Dans les villes même, au marché, dans les rues, dans les maisons, on parle le créole que les bonnes entendent mieux que le français. Les bonnes ! À la Basse-Terre, elles forment une corporation, presque un syndicat, une confrérie, avec une présidente, une reine ! Elles ont leur fête et leur bal, et leur messe. Vêtues magnifiquement, couvertes de lourds bijoux, on les voit se rendre, en procession, bannière en tête, des bouquets à la main, escortées d’un « gendarme petit bâton[1] » chez les personnages influens. Elles sont touchantes après tout, les vieilles bonnes, aimantes, fidèles et de bonne humeur, un joyeux sourire sur leur visage brun et expressif, oubliant dans la gaîté de cette journée que les maîtres sont parfois « chimériques, » exigeans et fantasques. On offre un vin d’honneur et, mise en verve, la reine des bonnes fait un discours. Les braves femmes ! Elles sont rarement mariées. Elles ne disent point à l’ami de leur cœur : « Si ou gagné yon loterie, ou ké méné moin la mairie. Si vous gagnez à la loterie, vous me mènerez à la mairie. » C’est au bal public du samedi, au son du violon criard qui joue la « béguine » ou, de préférence, la contredanse, que se sont échangées les douces paroles d’amour : « Ché cocotte ! » — « Ché doudoux ! » C’est là que Fillotte, Avrillette, Laurence, Dédèle, Paraphélia, Fontainia, Théodora, Berthilde, ont rencontré le père de leur enfant, un beau garçon, habile ouvrier ou garçon de bureau dans l’une des nombreuses administrations de la colonie. Et comme elles maltraitent les « femmes viles, » celles qui font le « commerce ! » Dans la candeur de leur âme, les pauvres servantes, qui ont aimé librement, méprisent les marchandes d’amour. Elles ont leur dignité ; elles ne vont point dans les bamboulas nocturnes s’enivrer de tafia, tandis que le tambour bat sourdement la danse lascive et grossière qui met les sens en délire.

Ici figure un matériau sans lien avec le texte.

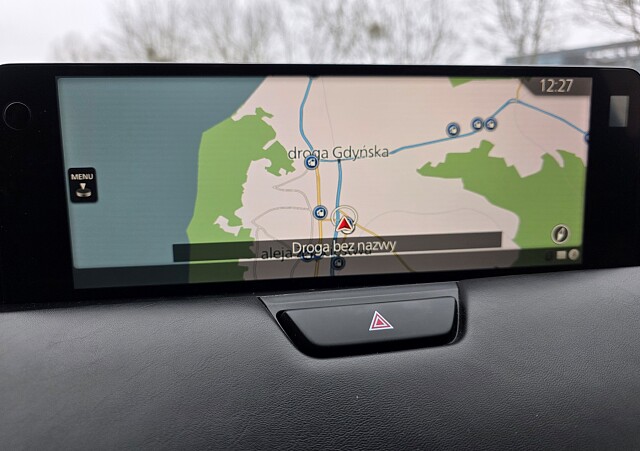 Mazda CX-60 - Kolor Rhodium White, zdjęcie 12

Ce sont des esprits simples. Elles craignent les zombis, les revenans, les ombres, et croient à la science des guérisseurs de blesses, les rebouteurs. Elles redoutent par-dessus tout les quimbois, les sorts qui souvent, avec les secrets mortels de la flore vénéneuse des tropiques, sont des empoisonnemens lents ou rapides. Il y a des quimbois de bien des sortes. Les philtres d’amour sont les plus innocens. Le quimboiseur, le sorcier, charme les

  1. Le gendarme petit bâton, c’est l’agent de police ; le gendarme grosses bottes, c’est le gendarme proprement dit.